Records contained in a dataset
....................
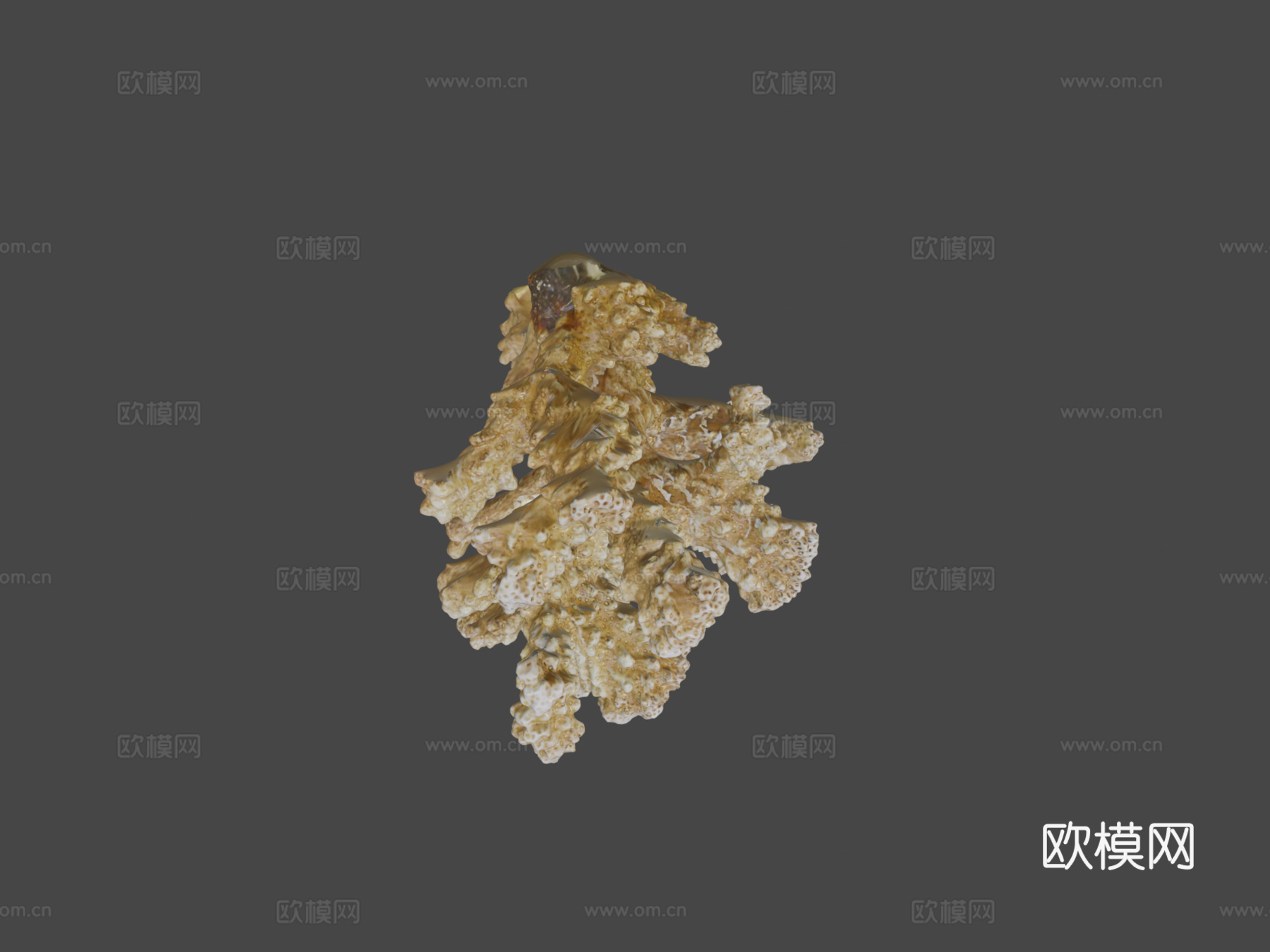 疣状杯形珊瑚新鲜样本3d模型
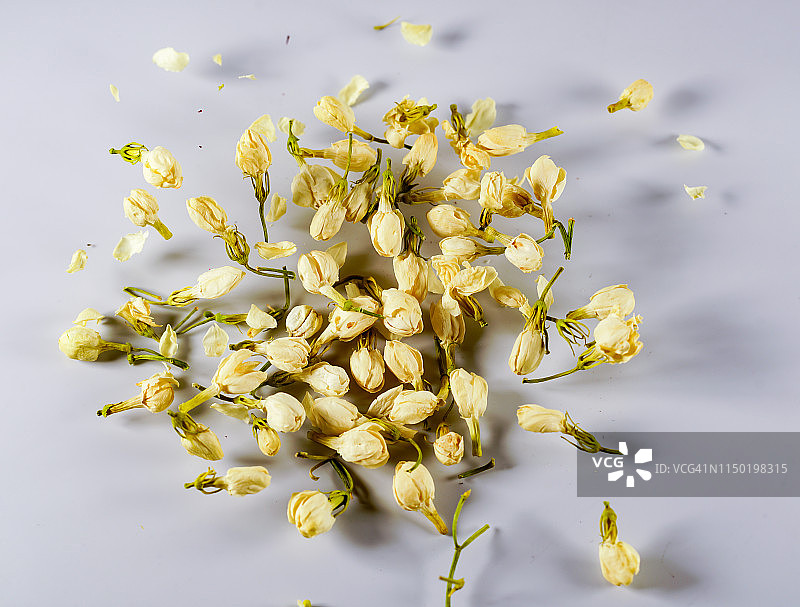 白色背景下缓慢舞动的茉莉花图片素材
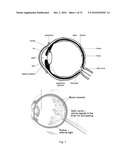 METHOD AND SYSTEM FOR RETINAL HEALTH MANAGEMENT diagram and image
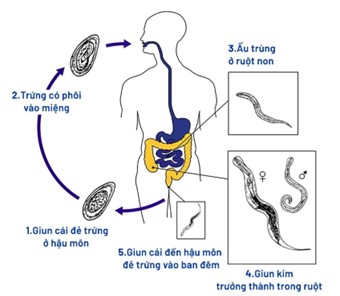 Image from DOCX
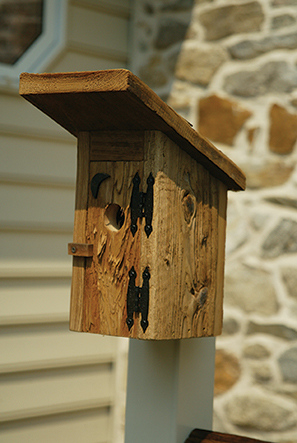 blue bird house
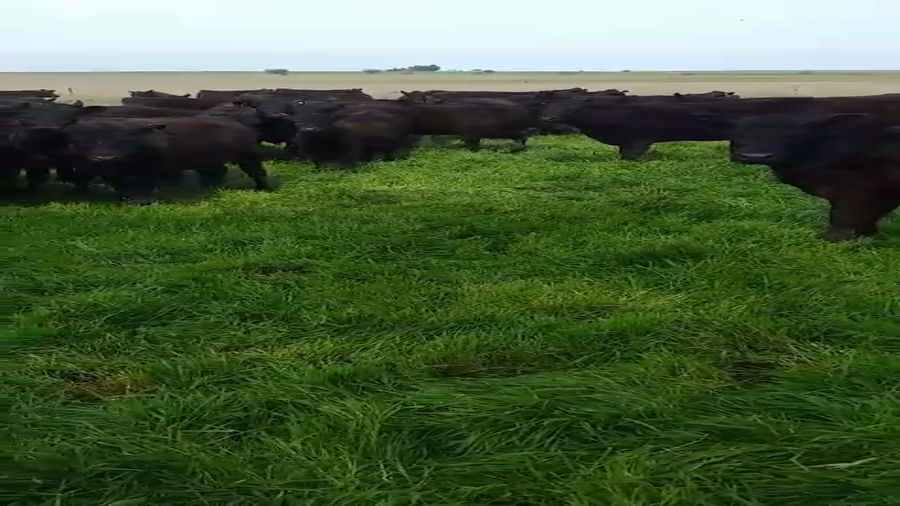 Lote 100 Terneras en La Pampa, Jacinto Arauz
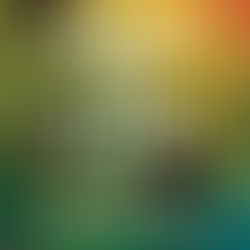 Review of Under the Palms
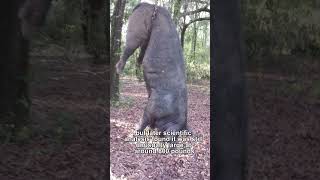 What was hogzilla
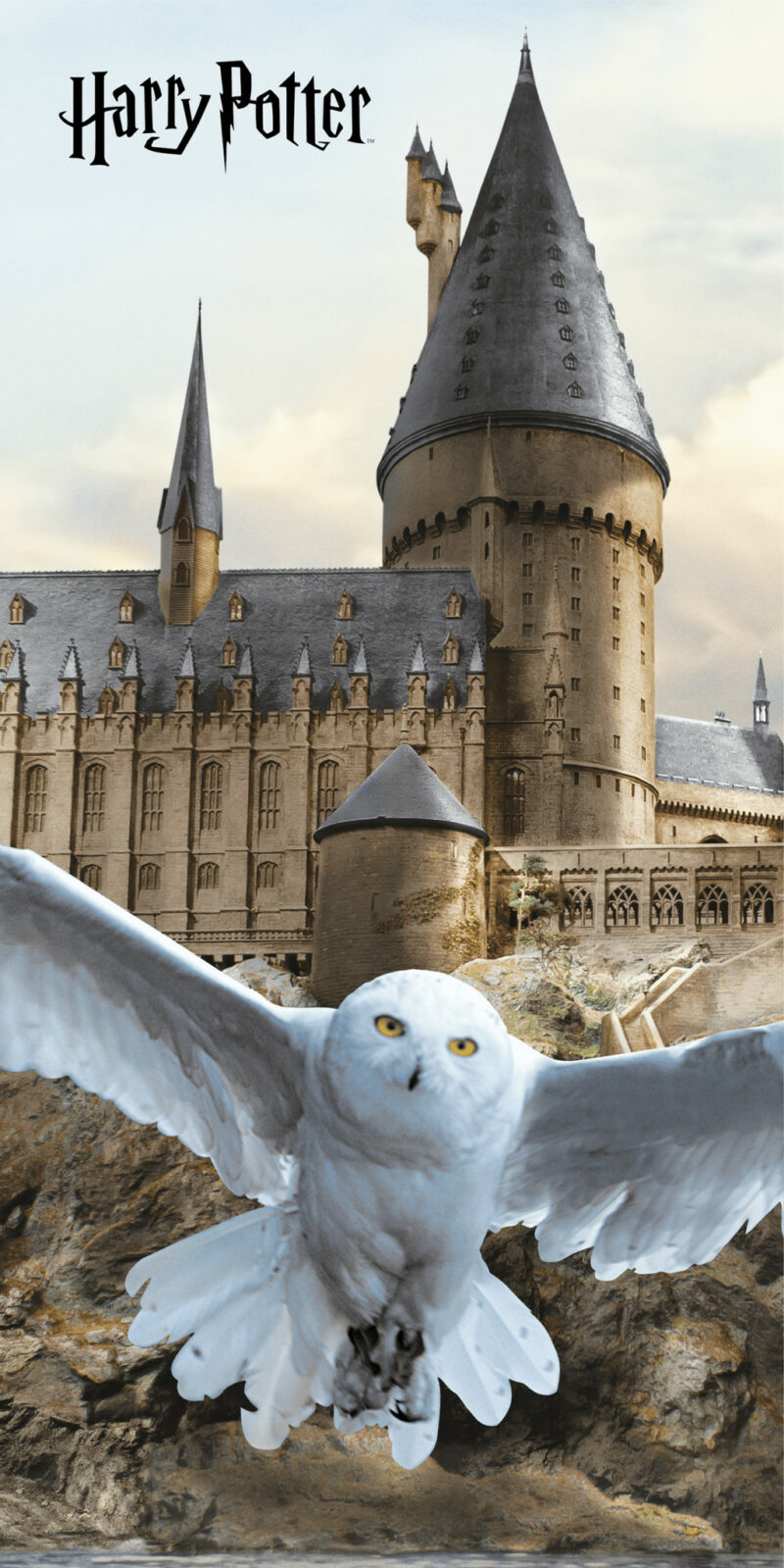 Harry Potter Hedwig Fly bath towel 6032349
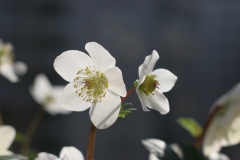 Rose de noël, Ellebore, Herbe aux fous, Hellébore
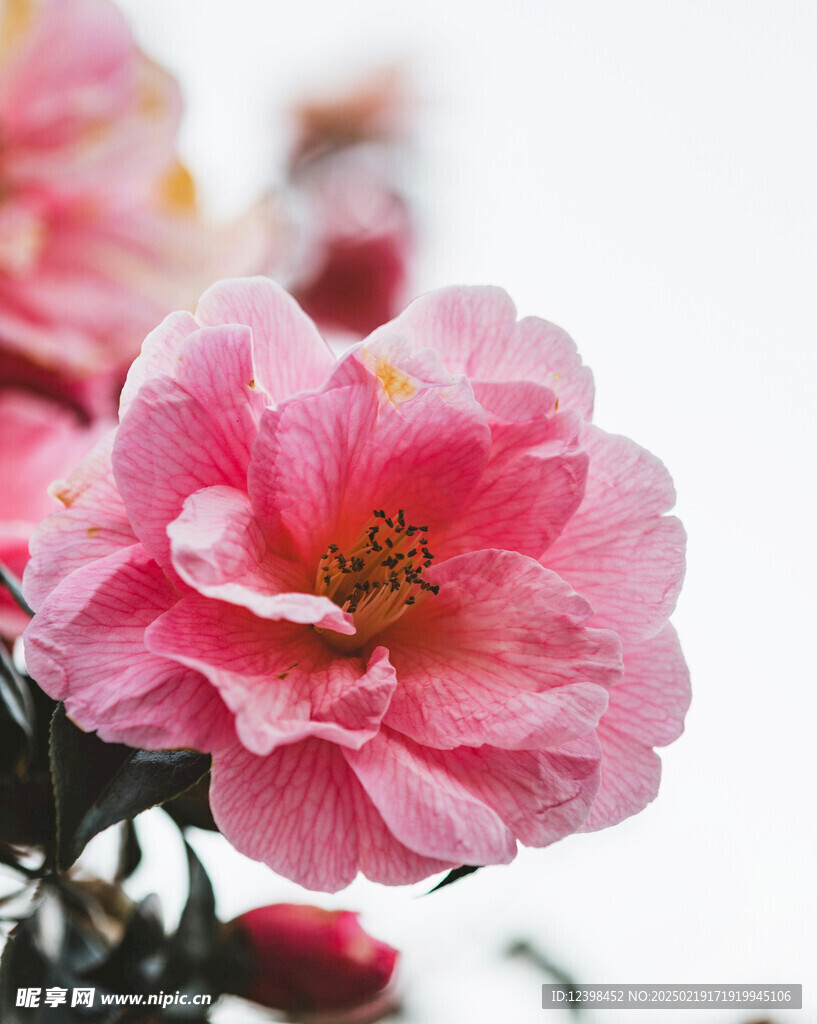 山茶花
....................
YOUR GOAL >> If the data includes images, skip them and copy every line exactly.

WRITTEN SOLUTION >>
 疣状杯形珊瑚新鲜样本3d模型
 白色背景下缓慢舞动的茉莉花图片素材
 METHOD AND SYSTEM FOR RETINAL HEALTH MANAGEMENT diagram and image
 Image from DOCX
 blue bird house
 Lote 100 Terneras en La Pampa, Jacinto Arauz
 Review of Under the Palms
 What was hogzilla
 Harry Potter Hedwig Fly bath towel 6032349
 Rose de noël, Ellebore, Herbe aux fous, Hellébore
 山茶花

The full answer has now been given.